In the material below, find the line with "Lindy 5 V alalisvoolu" and the line with "Apartments Romario Saranda", then output those two lines and every line between them, exactly.

Dataset records:
=== Begin Enclosure ===

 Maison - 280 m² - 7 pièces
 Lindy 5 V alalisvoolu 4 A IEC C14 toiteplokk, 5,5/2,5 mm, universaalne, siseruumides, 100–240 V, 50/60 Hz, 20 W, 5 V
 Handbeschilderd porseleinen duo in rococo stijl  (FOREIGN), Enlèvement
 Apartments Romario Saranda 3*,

=== End Enclosure ===
=== Begin Enclosure ===

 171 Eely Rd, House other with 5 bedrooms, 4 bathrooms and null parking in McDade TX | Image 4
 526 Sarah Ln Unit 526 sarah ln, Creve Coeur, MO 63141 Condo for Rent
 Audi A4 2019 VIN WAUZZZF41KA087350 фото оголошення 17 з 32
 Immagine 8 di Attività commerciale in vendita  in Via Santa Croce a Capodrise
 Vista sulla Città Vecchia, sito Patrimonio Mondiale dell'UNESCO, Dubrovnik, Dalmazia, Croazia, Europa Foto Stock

=== End Enclosure ===

Written solution:
 Lindy 5 V alalisvoolu 4 A IEC C14 toiteplokk, 5,5/2,5 mm, universaalne, siseruumides, 100–240 V, 50/60 Hz, 20 W, 5 V
 Handbeschilderd porseleinen duo in rococo stijl  (FOREIGN), Enlèvement
 Apartments Romario Saranda 3*,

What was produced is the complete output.